A colorful private life didn’t distract Mr. Conquest from honing a spectrum of interests. He read French, German, Italian, Czech, Russian, Bulgarian, Greek and Latin. In addition to Sovietology, he became an expert on the twilight stage of the roughly 400-year period when Britain was part of the Roman Empire.....
In the 1960s, Messrs. Conquest and Amis edited a sci-fi anthology, “Spectrum,” and collaborated on a novel, “The Egyptologists,” about a secret London society that served as an alibi for philanderers.

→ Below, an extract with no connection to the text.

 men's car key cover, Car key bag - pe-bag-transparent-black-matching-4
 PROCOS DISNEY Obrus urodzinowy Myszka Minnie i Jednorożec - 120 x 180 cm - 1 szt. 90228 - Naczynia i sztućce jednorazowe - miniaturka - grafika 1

Mr. Conquest was one of a handful of influential postwar English poets known collectively as The Movement. The unofficial group, which included Mr. Amis and Philip Larkin, favored a gritty and grounded approach that was seen by many as a reaction to modernism. Movement poets, many of whom bristled at being so labeled, rejected the experiments of earlier practitioners such as Ezra Pound. Instead, they hewed to craftsmanship and discipline, whether in light verse or more serious works, favoring the real over the fanciful.

While the Movement’s ranks were fluid, Mr. Conquest had been considered the last surviving original member. He edited two anthologies of the group’s poems: “New Lines,” published in 1956 and “New Lines II,” published in 1963.

In the 1970s, when Mr. Amis was editing “The New Oxford Book of Light Verse,” he chose several of Mr. Conquest’s works for the volume.

“Penultimata,” a critically acclaimed collection of Mr. Conquest’s poetry, was published in mid-2009 by the Waywiser Press. He was also an enthusiastic crafter of limericks, a form in which his irreverence and flair for language flourished. One version of an often-quoted one reads:

There was a great Marxist named Lenin
Who did two or three million men in.
—That’s a lot to have done in,
But where he did one in
That grand Marxist Stalin did ten in.